Silo is a permissionless, risk-isolating lending protocol providing secure money markets for all token assets. To offer users a convenient way to open leveraged positions, Silo built a new, isolated leverage contract module. Certora performed a manual security review of the new leverage contract between June 9 and June 13. During this period, we identified and flagged several concerns, both potential and concrete, based on the code provided. However, the vulnerability exploited was not identified during that review.

On June 25th, the Silo team informed us that during ongoing testing of the newly introduced leverage module (isolated from the core Silo protocol), an incident occurred in which overly broad approvals inadvertently enabled a borrow manipulation exploit. Importantly, this module is entirely separated from the core Silo contracts - no vaults, markets, or user funds were affected or at risk.

The Silo team asked us to confirm that the other Silo contracts, which we have extensively audited in addition to other teams and formally verified, are unaffected by this vulnerable contract.

Detailed step-by-step explanation is documented in the following sections by Silo.

Incident Timeline (UTC) – June 25, 2025

• 14:11 –  First attack on mainnet.
• 14:20 – Second attack on mainnet.
• 14:29 – Hypernative flagged both attacker addresses and alerted centralized services and exchanges.
• 14:34 – The leverage contract was paused.
• 14:44 – Two attacks on Sonic.
• 14:47 – Silo team announced to us via Twitter, Telegram and Discord that the leverage contract was paused.
• 15:01 – Silo team informed Certora that the leverage contract was exploited and some funds were lost.
• 15:16 – Zeroshadow and Hypernative requested that Etherscan label the attacker addresses as Silo Finance Exploiters.
• 15:30 – Certora was added to the Silo incident Telegram group. At this point:
• - The leverage contract was already paused.
• - Hypernative had identified the vulnerability.
• 15:45 – Certora confirmed the root cause internally and came up with recommendations for remediation.
• 17:00 – Certora and Silo held a meeting to confirm the details of the exploit, discuss mitigation steps, and align on the recommended fix. During the meeting, Certora also confirmed that the vulnerability was strictly limited to users who had already opened leverage positions through the isolated leverage contract. All other components of the Silo protocol were unaffected by the issue.

Post-Incident Risk Assessment

Following the immediate triage and identification of the vulnerability, we conducted a focused risk assessment to determine whether additional user funds or components of the Silo protocol were at risk.

• We examined whether the exploit could extend beyond the leverage contract and impact core components of the Silo protocol, including vaults and markets.
• We verified that the vulnerability stemmed solely from the isolated leverage contract and that it did not compromise or interact with the core protocol logic.
• We also evaluated whether pausing the leverage contract was sufficient to contain the issue, and confirmed that this action fully mitigated the vulnerability.
• Ultimately, we concluded that there were no further risks beyond the specific leverage positions already opened. Given that the contract was in the testing phase, no Silo users have open positions in the leverage contract, therefore none are at risk.

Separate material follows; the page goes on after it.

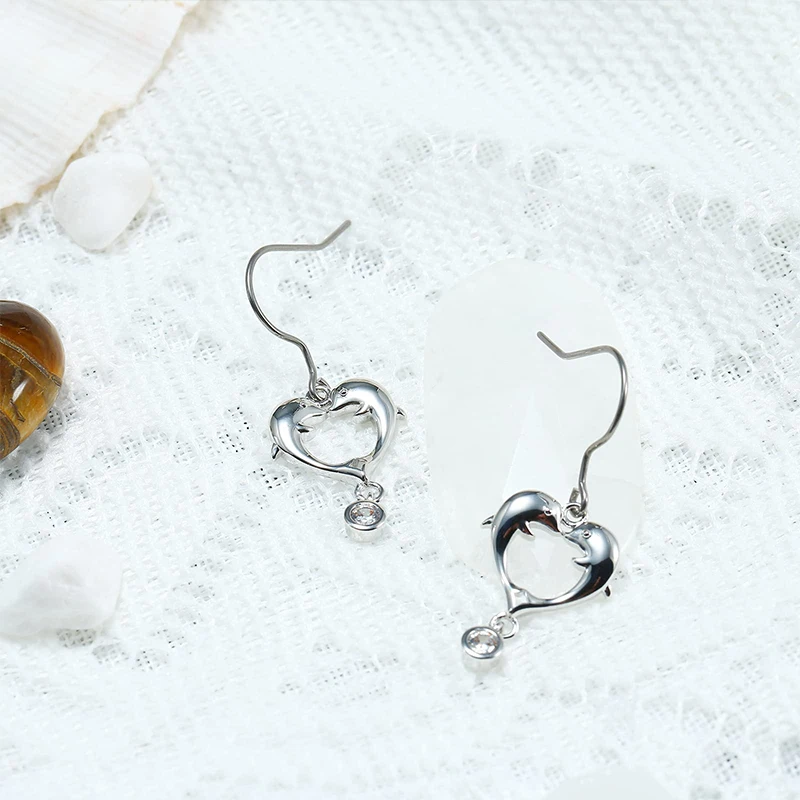 

Fashion Drop Earrings Pure Titanium For Women Girls Sensitive Ear Jewelry White Gold Plated Cubic Zirconia Dangle Heart Shaped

This analysis gave Certora and the Silo team confidence that the exploit was fully contained and did not affect user-facing components or funds.

What Went Wrong?

The biggest mistake Certora made was not employing our Formal Verification tool, the Certora Prover, despite having done so for all other Silo contracts, including simpler ones than Leverage.

Additionally, our manual security review did not provide specific recommendations to the Silo team regarding the risks of a user-controlled exchange proxy, only general recommendations on whether an address is a valid silo.

Typically, our security researchers collaborate with our formal verification experts to identify and prevent issues. In this case, even running the Certora Prover without a specification would uncover the problematic code as potentially user-controlled. No rule can be verified without determining what the impact of a call to an arbitrary contract would be. If both security researchers and formal verification researchers had discussed this particular external call internally, the bug would have been found.

Lessons Learned

We are in continuous communications with the Silo team regarding remediation and a fix plan. We are conducting an additional security review of the code and formally verifying it to achieve the highest level of security assurance, ensuring it meets the same level of confidence we have in all other Silo contracts. All deployed Silo contracts except for Leverage underwent both a security review and formal verification.

We made a mistake: the isolated Leverage contract contained an overly broad approval that allowed an attacker to manipulate borrowing. This was exploitable because of a lack of validation of external inputs, which created a window for the exploit.

Fortunately, the issue was fully isolated and only impacted the new Leverage module. All existing Silo core components, including markets, vaults, and user funds, remain fully secure and unaffected. By pausing the Leverage contract immediately, the exploit was effectively mitigated.

We have learned important lessons about limiting approvals, whitelisting external calls, and strengthening validation. We have also learned that the most effective security review includes both manual review and formal verification, as both approaches are complementary in identifying subtle attack vectors.

Bottom Line

Silo user funds were never at risk since the new contract was in a testing phase and the funds came from Silo’s own accounts, not of users. 

All currently live Silo code is secure.